About this exercise
Output exactly, in the material below, the lines from the one with "API 603 corrosion" through the one with "Cover of Issue #750322". Omit all pictures.

___ Given records ___

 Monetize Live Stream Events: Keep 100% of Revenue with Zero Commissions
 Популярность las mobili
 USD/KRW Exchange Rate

___
___ Given records ___

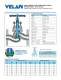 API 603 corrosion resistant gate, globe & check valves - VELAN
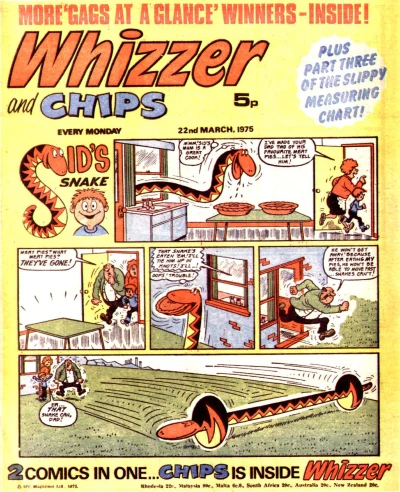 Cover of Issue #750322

___
___ Given records ___

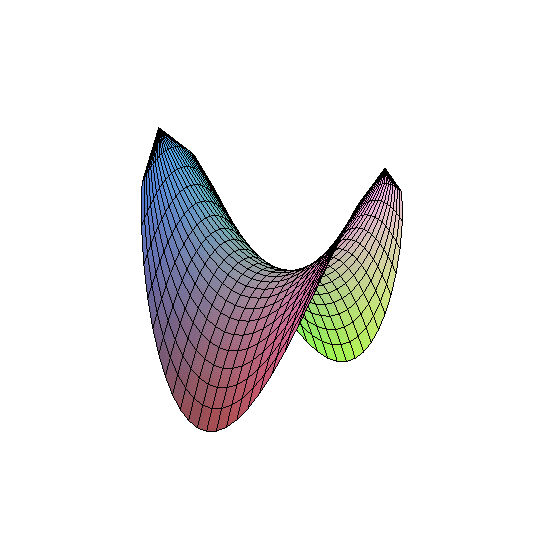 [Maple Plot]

___

Response
 API 603 corrosion resistant gate, globe & check valves - VELAN
 Cover of Issue #750322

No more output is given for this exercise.